The findings revealed a "genetic superhighway" mutation in a gene found in the overwhelming majority of patients with small cell carcinoma of the ovary, hypercalcemic type, also known as SCCOHT.
This type of cancer usually is not diagnosed until it is in its advanced stages. It does not respond to standard chemotherapy, and 65 percent of patients die within 2 years. It has affected girls as young as 14 months, and women as old as 58 years — with a mean age of only 24 years old. In this study, the youngest patient was 9 years old.
"This is a thoroughly remarkable study. Many genetic anomalies can be like a one-lane road to cancer; difficult to negotiate. But these findings indicate a genetic superhighway that leads right to this highly aggressive disease," said Dr.
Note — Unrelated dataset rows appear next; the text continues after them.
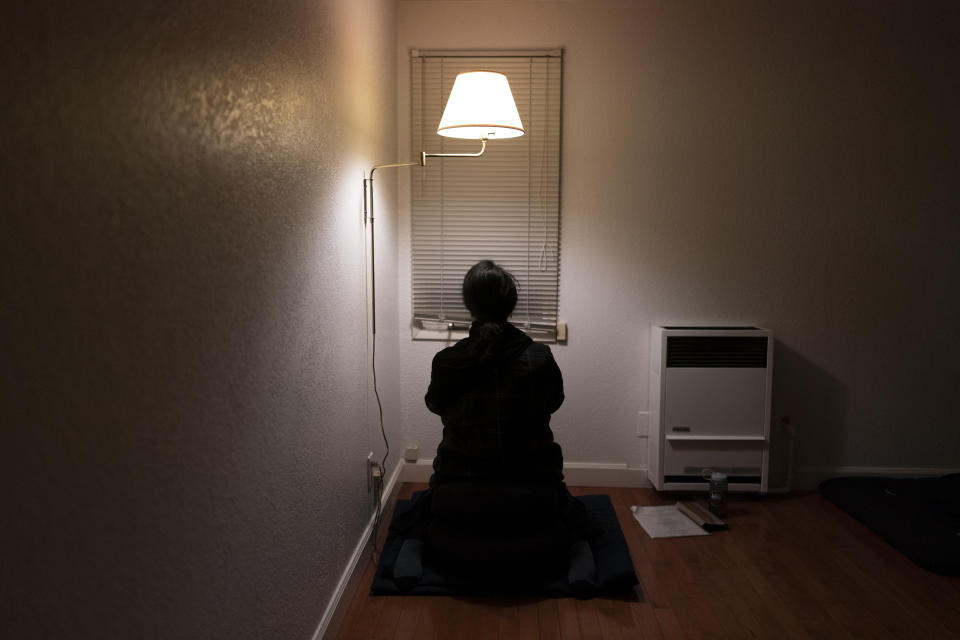 Yaso Thiru meditates facing a wall during a Sunday practice at the Anchorage Zen Community in Anchorage, Alaska, Sunday, Oct. 9, 2022. Thiru grew up in a Hindu household in Sri Lanka, a majority Buddhist country. She became interested in Buddhism and joined the Anchorage group after the outbreak of the coronavirus pandemic. (AP Photo/Jae C. Hong)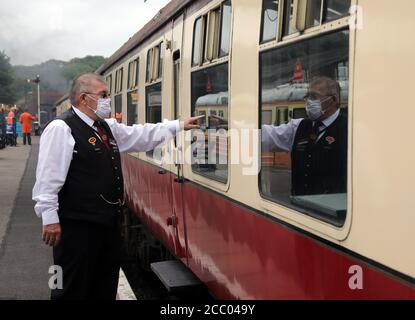 Wansford, UK. 15th Aug, 2020. The Station Master checks one of the carriages, as the Nene Valley Railway have resumed running steam trains from Wansford to Peterborough after the COVID-19 Coronavirus pandemic forced them to stop during lockdown. The 92 Squadron Battle of Britain 34081 steam train has been prepared and is ready to go, with the carriages having their capacity reduced to allow for new social distancing guidelines. Credit: Paul Marriott/Alamy Live News Stock Photo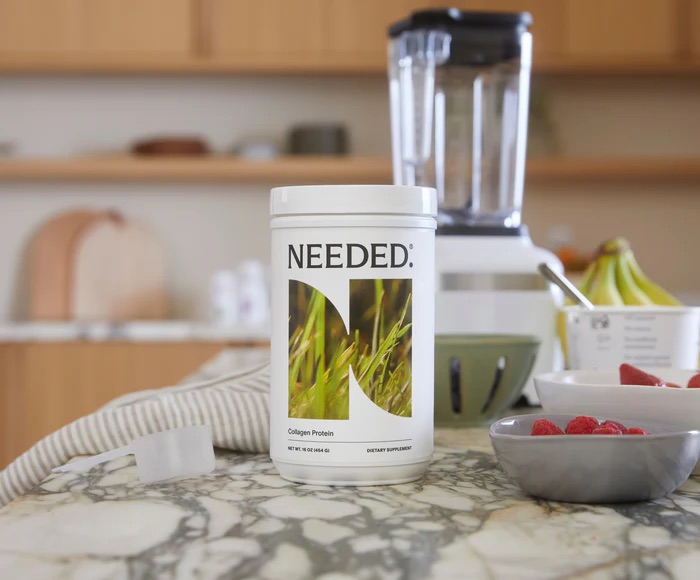 A white container labeled "Needed: Collagen Protein" on a kitchen countertop, surrounded by a blender and bowls of bananas and raspberries.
Jeffrey Trent, President and Research Director of TGen, and the study's senior author. "The correlation between mutations in SMARCA4 and the development of SCCOHT is simply unmistakable."
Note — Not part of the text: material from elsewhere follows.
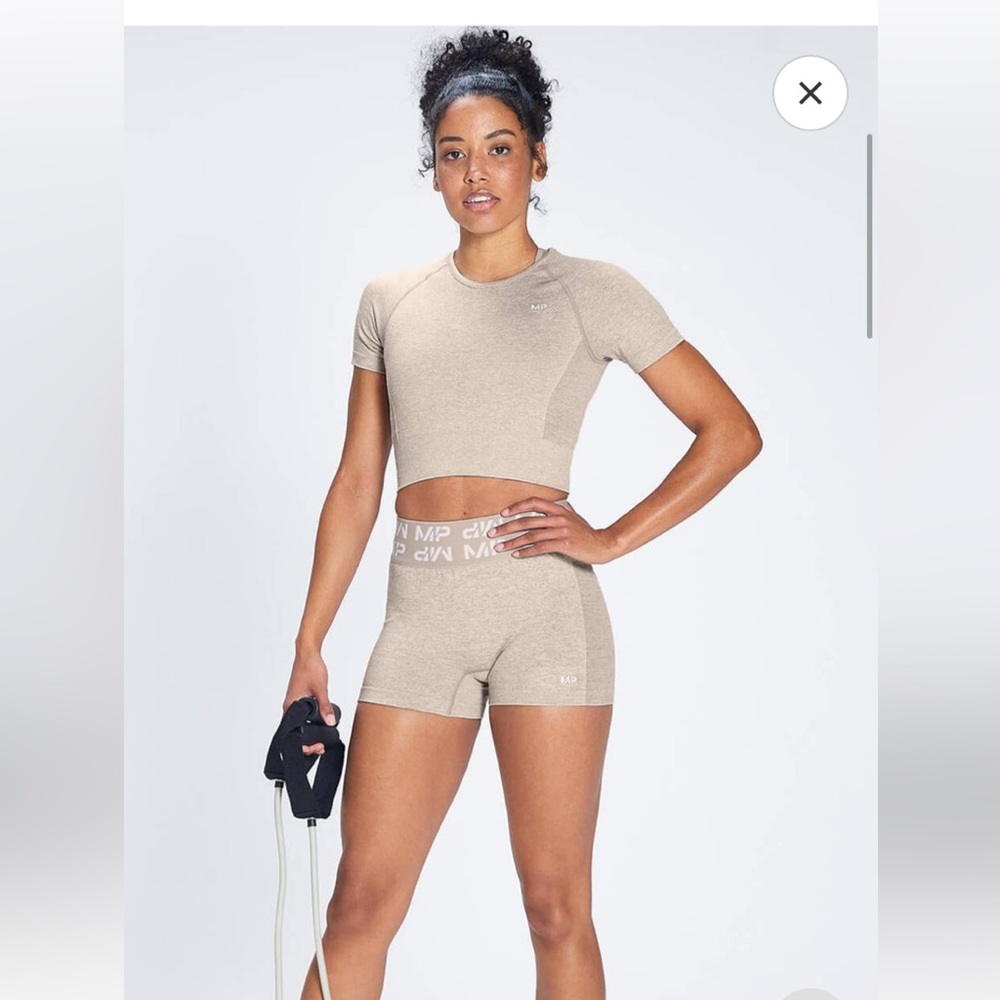 My Protein MP crop top, sports bra, and shorts tan color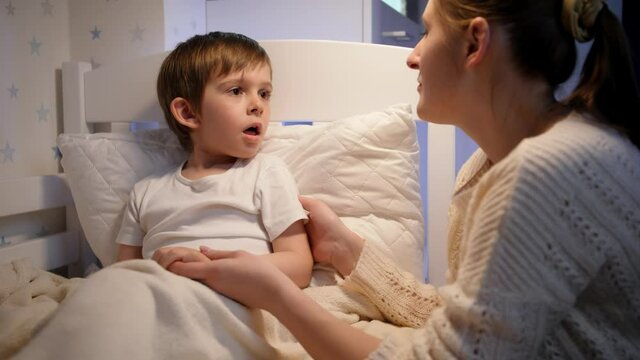 Little sick boy coughing in bed and talking to his loving mother. Concept of child virus and kids protection during coronavirus Covid-19 pandemic.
Dr. Trent added that while the breakthrough is for a relatively rare cancer, discovering the origins of this type of ovarian cancer could have implications for more common diseases.
Much of the work in this study was inspired by the memory of Taryn Ritchey, a 22-year-old TGen patient who in 2007 lost her battle with ovarian cancer, the 5th leading cause of cancer death among American women.
"Taryn would be incredibly excited about this amazing new study, and she would be glad and thankful that other young women like her might now be helped because of TGen's ongoing research," said Taryn's mother Judy Jost of Cave Creek, Ariz. "My daughter never gave up, and neither has TGen."
The SMARCA4 gene — previously associated with lung, brain and pancreatic cancer — was the only recurrently mutated gene in the study's samples. The implications of this discovery, therefore, may be widespread.
"The findings in this study represent a landmark in the field. The work identifies SMARCA4 mutations as the culprit, and most future research on this disease will be based on this remarkable discovery," said Dr. Bert Vogelstein, Director of the Ludwig Center at Johns Hopkins University, Investigator at the Howard Hughes Medical Institute, and pioneer in the field of cancer genomics. He did not participate in the study but is familiar with its findings.
"The past decade of research has taught us that cancer is a vastly complex disease. Profound patient-to-patient variability has made treatment and diagnosis for many tumor types at times very difficult. In this case, however, we have found a single genetic event driving SCCOHT in nearly every patient," said Dr. William Hendricks, a TGen Staff Scientist and another author of the study.
"We have shown that loss of SMARCA4 protein expression is extremely specific to SCCOHT and can facilitate the diagnosis of SCCOHT," said Dr. Anthony N. Karnezis, a fellow at British Columbia Cancer Agency in Vancouver.
"We set out to uncover any small sliver of hope for women afflicted with this rare cancer. What we found instead are the nearly universal underpinnings of SCCOHT," said Pilar Ramos, a TGen Research Associate, and the study's lead author. "By definitively identifying the relationship between SMARCA4 and SCCOHT, we have high confidence that we have set the stage for clinical trials that could provide patients with immediate benefit."
In a scientific rarity, two other studies with similar results also were to be published today by Nature Genetics, producing immediate validation and reflecting a scientific consensus that usually takes months or even years to accomplish.